▶ _To do_: For this exercise, reproduce only the lines from the one holding "HTML Report hosting a family tree in SVG" through the final line of the data below, exactly, and omit pictures.

▶ _Provided information_:
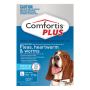 Budgetvetcare has Comfortis Plus(Trifexis) Blue Lowest Price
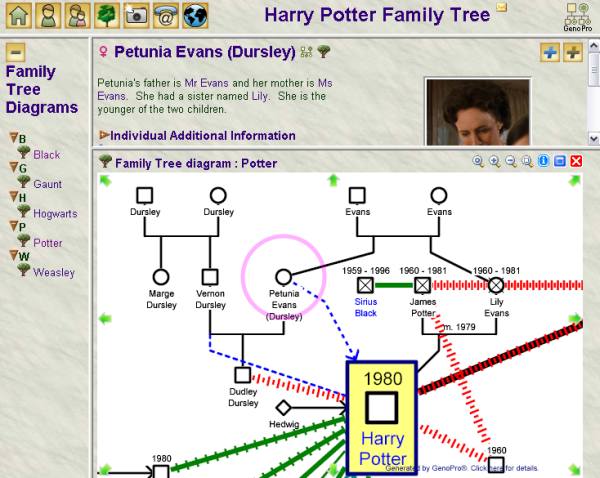 HTML Report hosting a family tree in SVG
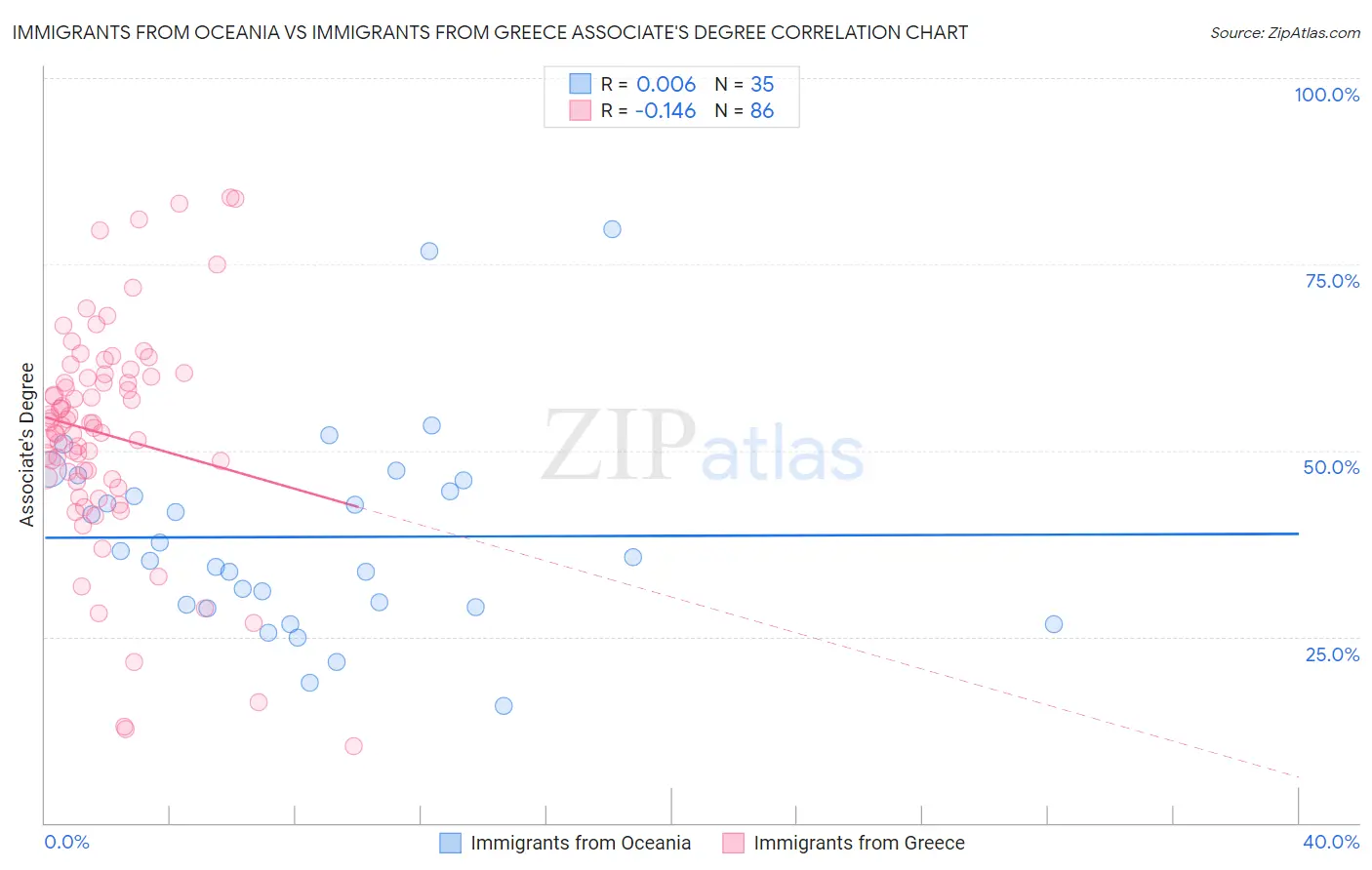 Immigrants from Oceania vs Immigrants from Greece Associate's Degree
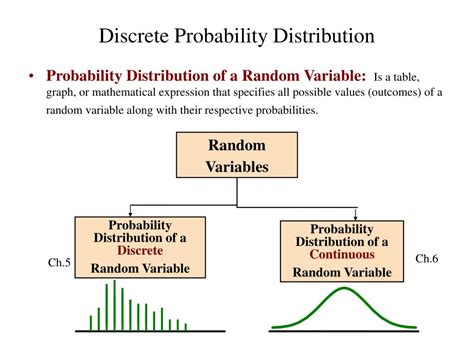 Ethereum: Probablity Distribution of mining
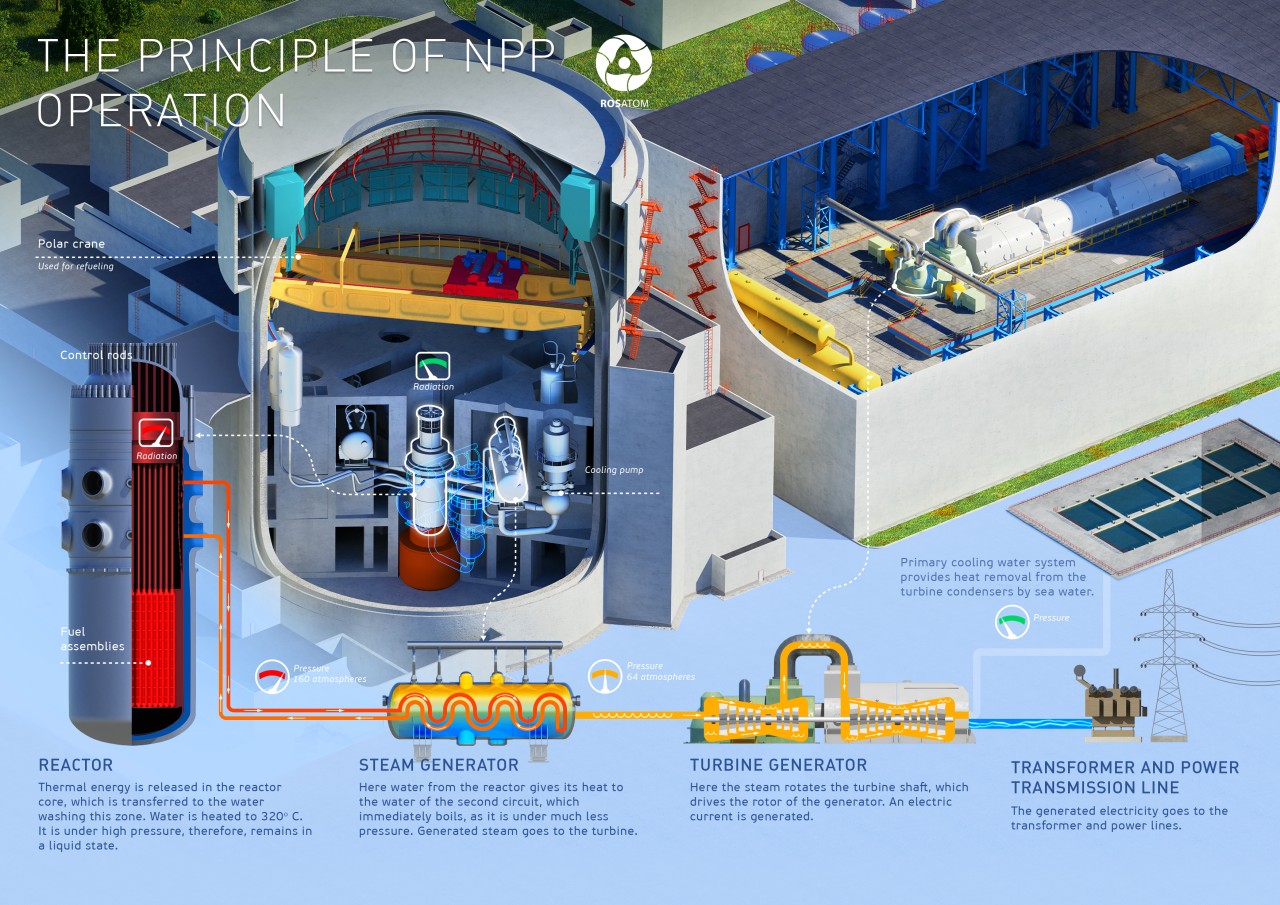 Steam generator nuclear фото 53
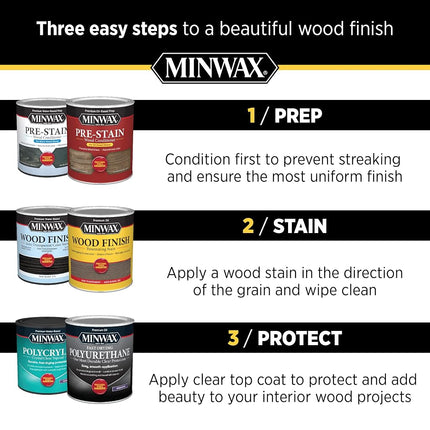 WIPE-ON POLY PT GLOSS CLEAR CLEAR -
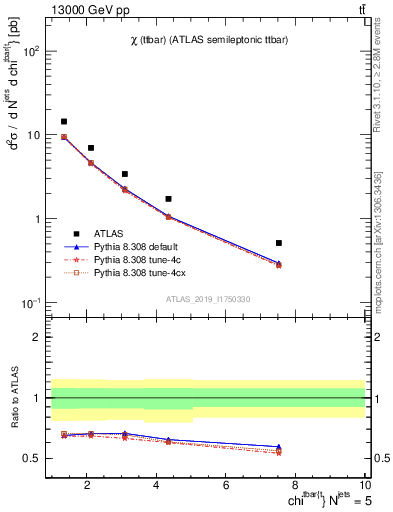 Plot of ttbar.chi in 13000 GeV pp collisions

▶ _Exercise output_:
 HTML Report hosting a family tree in SVG
 Immigrants from Oceania vs Immigrants from Greece Associate's Degree
 Ethereum: Probablity Distribution of mining
 Steam generator nuclear фото 53
 WIPE-ON POLY PT GLOSS CLEAR CLEAR -
 Plot of ttbar.chi in 13000 GeV pp collisions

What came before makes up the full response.